CHP’Lİ BÜLBÜL SOYLU’YU BENZETTİ 

İçişleri Bakanı Süleyman Soylu, geçen sene TBMM’de devam eden bütçe görüşmeleri için çıktığı Meclis kürsüsünde muhalefete hakaretler yağdırmış, kayyum uygulamaları için de “ohh ohhh” demişti. HDP başta olmak üzere muhalefet partilerini hakaret yağmuruna tutan Soylu, polis kurşunuyla öldürülen Kemal Kurkut için de polisleri aklayan ifadeler kullanmıştı.

Soylu’ya tepki gösteren HDP Antalya Milletvekili Kemal Bülbül ise “En büyük inkar ve nefret suçunu dün burada bütçe görüşmelerini sabote eden Süleyman Soylu işledi. Süleyman Soylu değil de sanki Kürsüde Yeşil vardı. Sanki kürsüde Esat Oktay Yıldıran vardı? Esat Oktay Yıldıran gibi bizi, grubumuzu, Kürt halkını, muhalefeti tehdit edene şunu söylüyoruz: Sen Esat Oktay Yıldıran’san biz de Kemal Pir’iz bunu bilesin” şeklinde konuşmuştu. Peki, HDP’li Kemal Bülbül’ün Süleyman Soylu’yu benzettiği ve en son Şırnak cezaevinde mahpuslara yönelik işkencelerle anılan Esat Oktay Yıldıran kimdir?

ESAT OKTAY YILDIRAN KİMDİR?

Esat Oktay Yıldıran, 12 Eylül darbesi sonrasında Diyarbakır Cezaevi’nde İç Güvenlik Komutanı olarak görev almış bir subay. Yaptığı işkenceleri uyguladığı insanlık dışı yöntemler cezaevinde PKK’nın doğuşuna neden olmuştu. Yıldıran’ın köpeğine saldırtmak, dayak, kadınlara cinsel işkenceler, çıplak şekilde spor yaptırmak, gezdirmek ve yecavüz, erkeğin cinsel organına ip bağlatarak koşturmak, İstiklal Marşı dinleterek dayak, dışkı yedirmek, makata cop sokmak gibi oldukça geniş bir “repertuarı” vardı.

12 Eylül sonrası Diyarbakır Cezaevi

Siyasette Ahmet Türk, Celal Paydaş, Mustafa Çakmak, Orhan Miroğlu, Selim Çürükkaya, Şükrü Gülmüş, Nurettin Yılmaz ve Gültan Kışanak gibi milletvekilleri de Yıldıran’ın işkencelerinden geçmiş isimler arasında yer alıyor.

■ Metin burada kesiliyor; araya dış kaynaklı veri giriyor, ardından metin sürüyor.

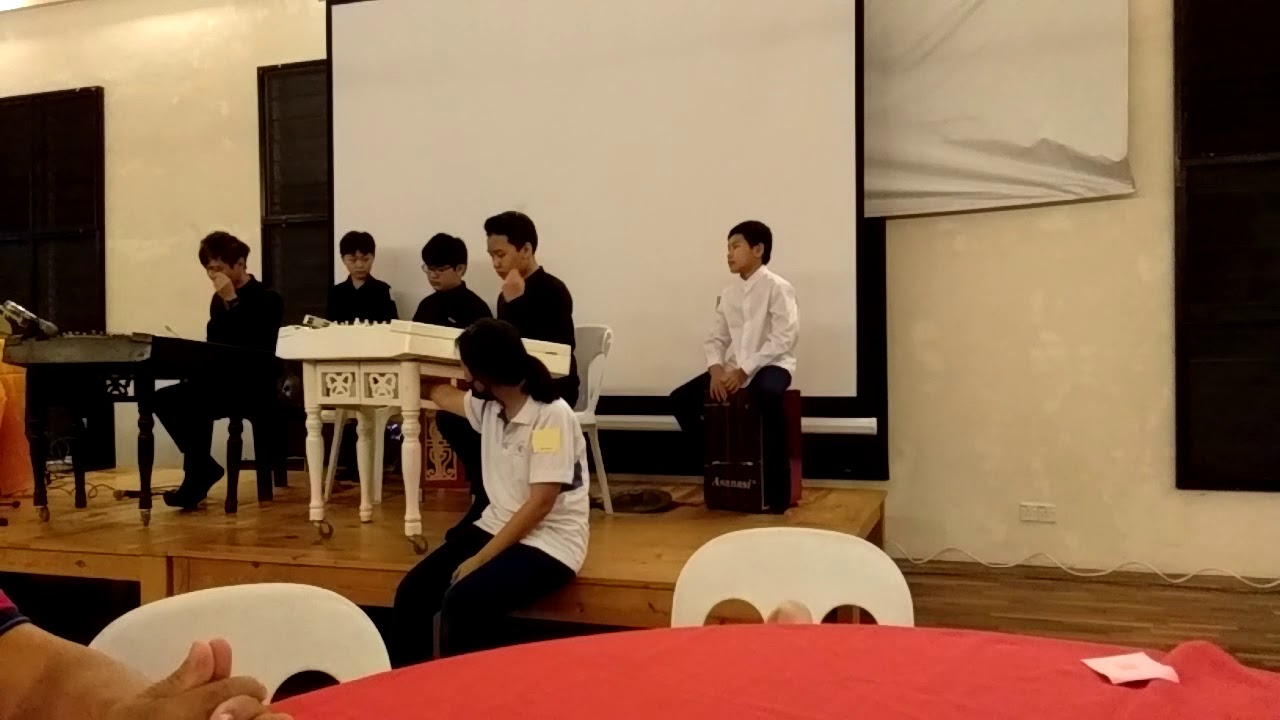 何康伟杨琴艺术团__荷塘月色 - YouTube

Eski HDP Milletvekili Altan Tan’ın babası Bedii Tan’ın da oruçlu haliyle önce dayak yediği, ardından lağım pisliği yedirilerek hastalandığı ve bu şekilde öldüğü, bizzat Altan Tan tarafından açıklanmıştı.


 

34 KİŞİ ÖLDÜ

Yıldıran’ın yönetimindeki cezaevinde 34 mahkum öldü. Bunlar arasında 1982’de Ferhat Kurtay, Necmi Öner, Mahmut Zengin ve Eşref Anyık kendilerini yakarak hayatlarına son verirken, Mazlum Doğan, Kemal Pir, Bedii Tan, Necmettin Büyükkaya, Remzi Aytürk gibi isimler ya kendini astı, ya açlık grevinde öldü ya da dayakla öldürüldü. Diyarbakır Cezaevi’nden sağ çıkan isimerin bir bölümü sonraki yılalrda PKK’nın kuruluşunda yer aldı.

1949 doğumlu Yıldıran, 22 Ekim 1988’de İstanbul, Ümraniye’de, eşi ve 2 çocuğu ile birlikte bindiği halk otobüsünde iddiaya göre öldürüldü.